# [REQUIRED WORK]
From the line with "Sign of life" to the line with "Привітання з днем", retype each line exactly as it stands in the records below, but skip the pictures.

# [SUPPLIED DATA]

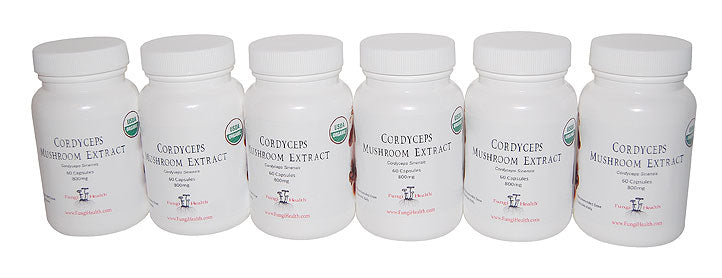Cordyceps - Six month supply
---
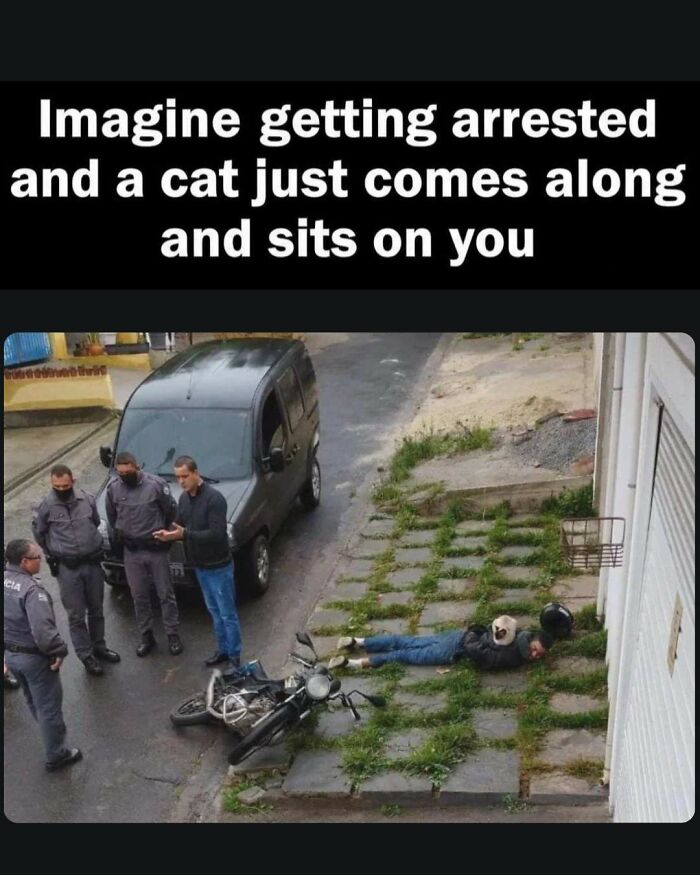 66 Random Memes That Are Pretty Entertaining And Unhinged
* * *
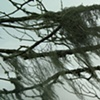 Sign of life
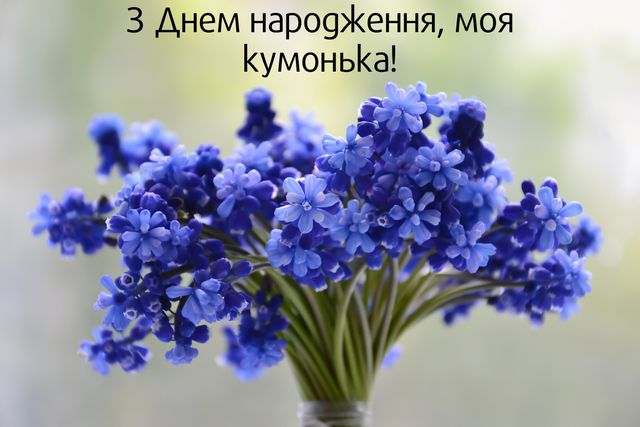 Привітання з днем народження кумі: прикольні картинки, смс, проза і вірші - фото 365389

# [TASK RESPONSE]
 Sign of life
 Привітання з днем народження кумі: прикольні картинки, смс, проза і вірші - фото 365389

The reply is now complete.